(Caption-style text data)
============

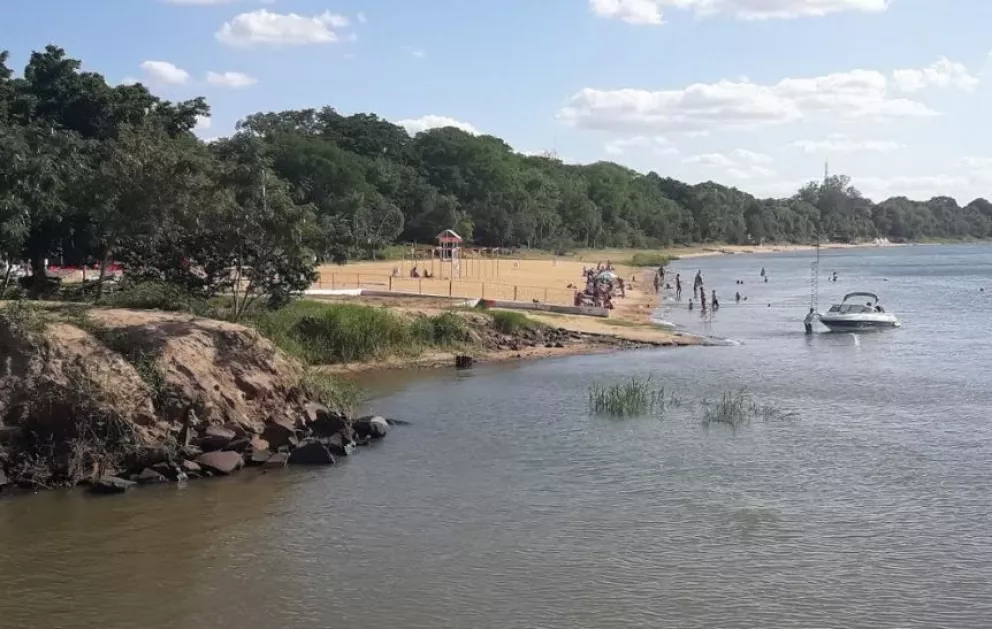 Bajante: el río Paraná oscilará entre los 0.80 y 1 metro en Ituzaingó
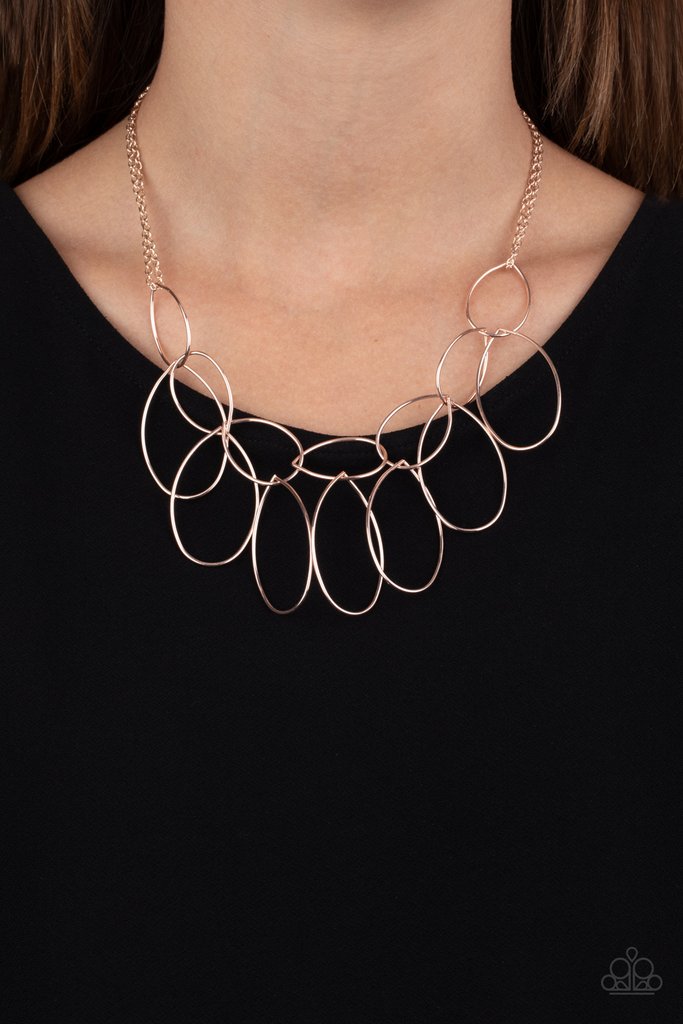 Top-TEAR Fashion - Paparazzi Rose Gold Necklace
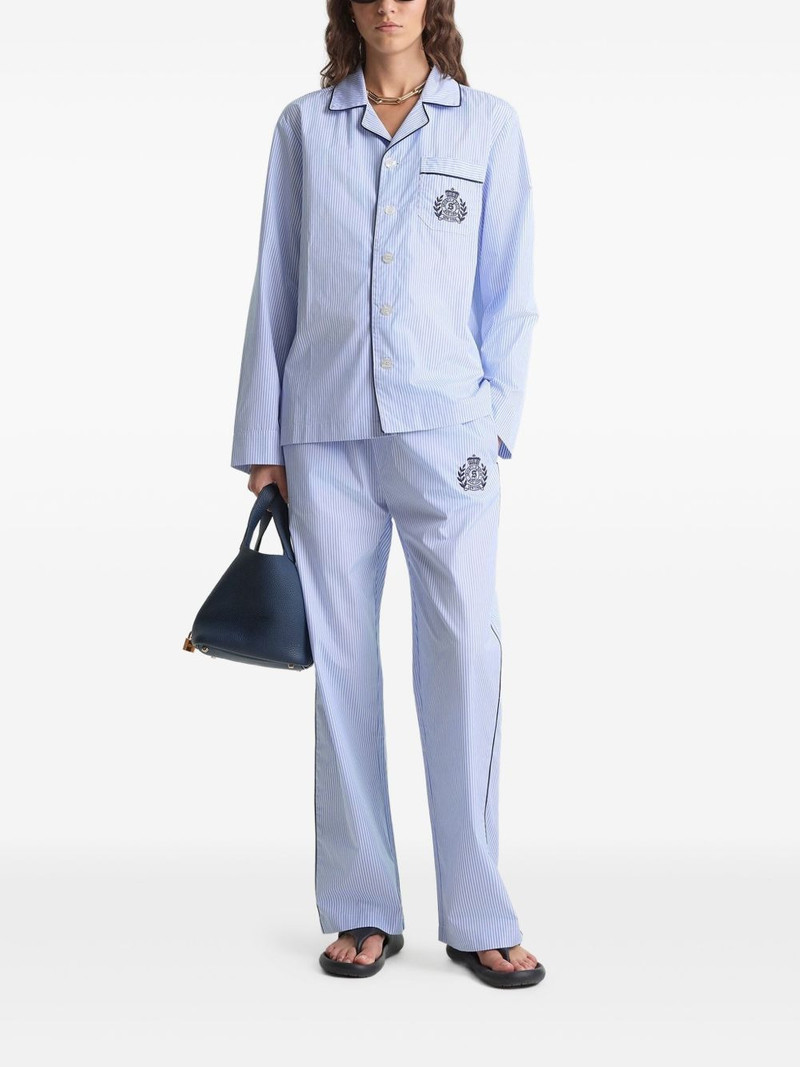 Sporty & Rich striped embroidered top outlook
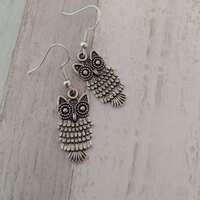 Owl earrings, owl jewellery, bird earrings, bird jewellery, animal earrings, animal jewellery, gifts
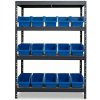 Majster Regál Nitová polica 4L 180X90X45 ANTR TEXT MATE+Ergobox 4 modrá, Modrá
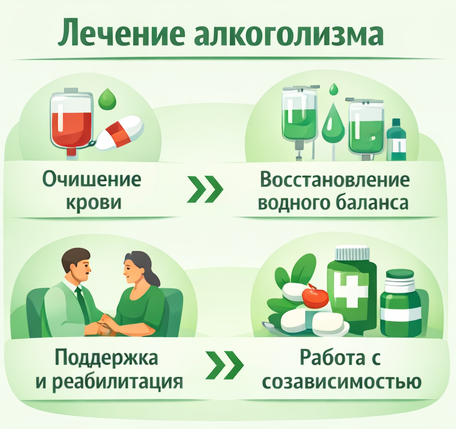 лечение алкоголизма в Хосте этапы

============

**YOUR GOAL:** Give back the records above exactly, with no pictures.

**RESULT OF THIS TASK:**
 Bajante: el río Paraná oscilará entre los 0.80 y 1 metro en Ituzaingó
 Top-TEAR Fashion - Paparazzi Rose Gold Necklace
 Sporty & Rich striped embroidered top outlook
 Owl earrings, owl jewellery, bird earrings, bird jewellery, animal earrings, animal jewellery, gifts
 Majster Regál Nitová polica 4L 180X90X45 ANTR TEXT MATE+Ergobox 4 modrá, Modrá
 лечение алкоголизма в Хосте этапы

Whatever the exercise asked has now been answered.